* Dataset extract
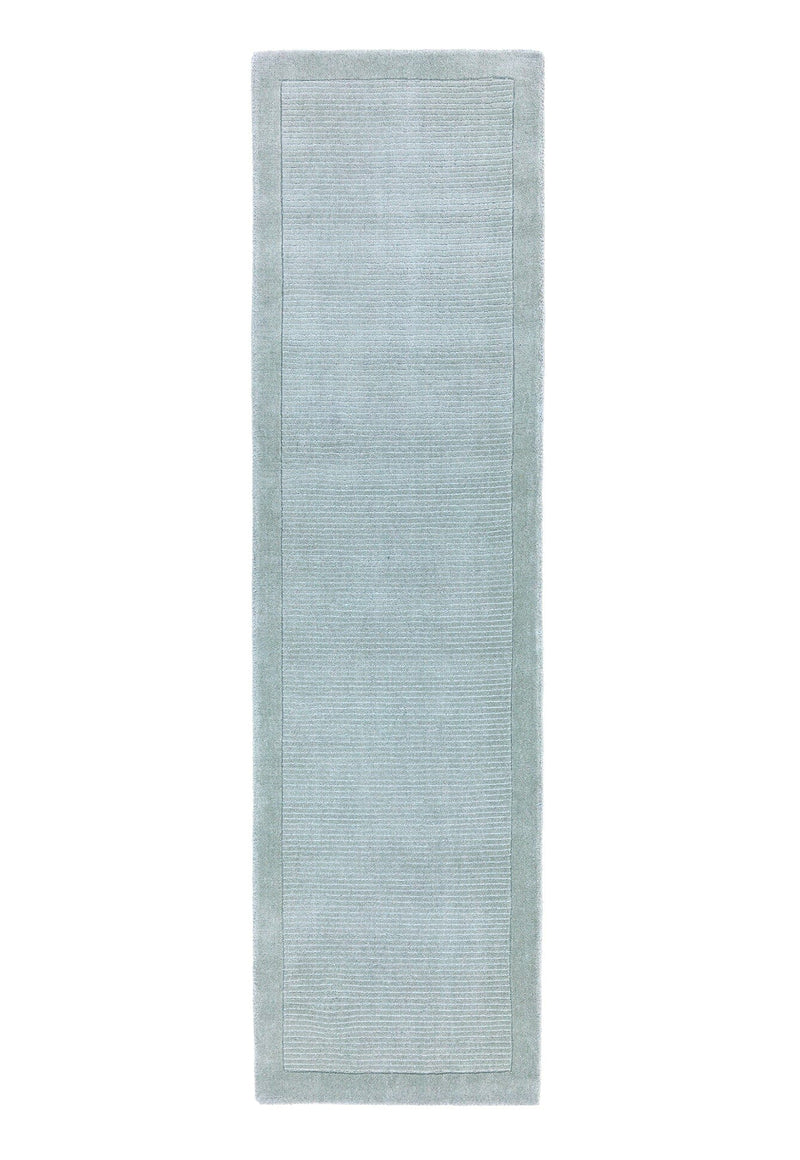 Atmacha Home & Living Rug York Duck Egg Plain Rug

* * *

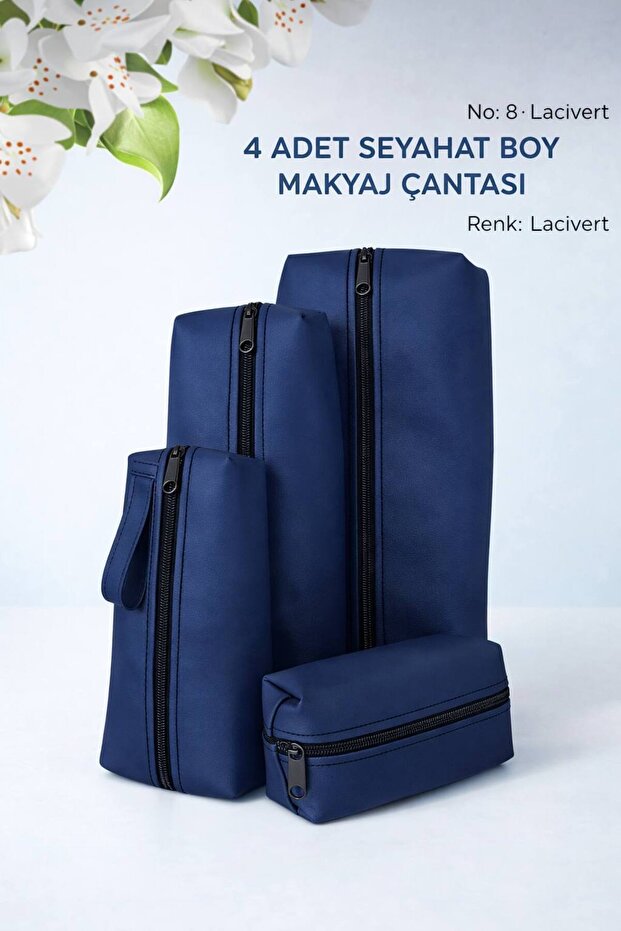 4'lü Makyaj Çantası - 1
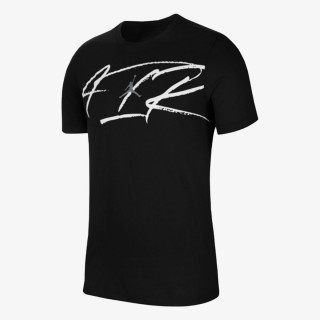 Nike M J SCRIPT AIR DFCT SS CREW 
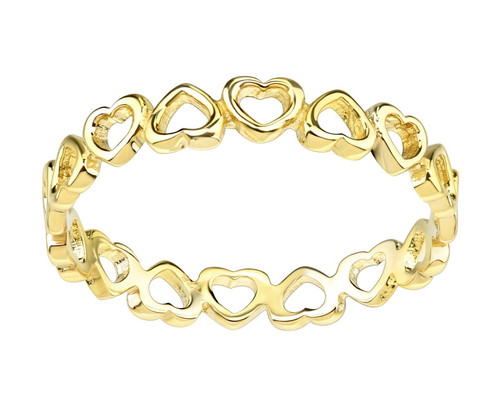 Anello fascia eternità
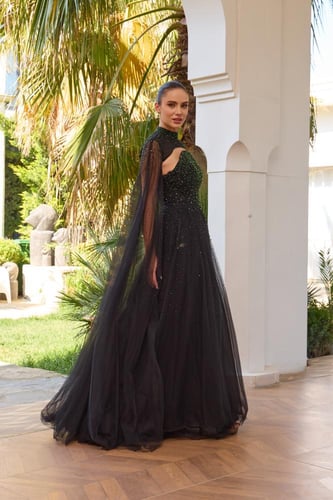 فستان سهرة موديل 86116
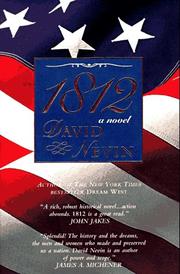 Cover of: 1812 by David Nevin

* What is expected
Word for word, restate the lines above from the one with "Nike M J SCRIPT AIR DFCT SS CREW" through the one with "Cover of: 1812 by David Nevin", keeping both ends and dropping the pictures.

* Worked solution
 Nike M J SCRIPT AIR DFCT SS CREW 
 Anello fascia eternità
 فستان سهرة موديل 86116
 Cover of: 1812 by David Nevin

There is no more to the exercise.